Hacker News new | past | comments | ask | show | jobs | submit login

If we are being pedantic, the naive Fibonacci implementation isn't tail recursive. (And any tail recursive implementation is unlikely to need TCO before the numbers get too large.)



Sorry friend, it's time to be SUPER pedantic.

Silly Computer Science nerds spend a lot of time trying to figure out the most efficient implementation of a recursive Fibonacci number function. "Ooo, let's make sure to take advantage of tail-call optimization, oh, and memoization, aren't we fancy?"

Meanwhile, mathematicians look at the problem and then cock their heads to the side and say "uh, guys, that's way too much trouble, just use the closed form solution and calculate any value in constant time using a tiny number of floating point operations". Because Fib(n) = (phi^n - (1-phi)^n)/sqrt(5), where phi is the golden ratio.


No, if there's any computations happening, that's engineers and physicists, especially if there are approximations happening.

A mathematician looks at the recurrence formula and generalises it (e.g. f(n) = a f(n-1) + b f(n-2) or f(n) = f(n-1)*f(n-2) (solve this one, hint: xkcd) or ...) and investigates its properties.
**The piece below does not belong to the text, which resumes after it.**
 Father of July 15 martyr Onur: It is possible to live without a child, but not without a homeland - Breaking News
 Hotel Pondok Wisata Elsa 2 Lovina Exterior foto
The actual values of the numbers are not of much interest.

And a^n can only be computed in constant time if one uses exp(n log(a)), and (I think) that the scale of the numbers can have a large impact on the accuracy of the result, and so for large n, one needs more operations within both exp and log to give the same (relative) accuracy.


Last time I checked, numerical analysis was still considered a field of mathematics. It's all about the approximations.


Pssh, it's not abstract enough, it can't be real mathematics. ;P

(But seriously: yes, agreed.)


And then the paranoid Computer Science nerd gets freaks out because of is immortal fear of floating point errors and uses the alternate fast matrix exponentiation implementation that takes just in log(n) time.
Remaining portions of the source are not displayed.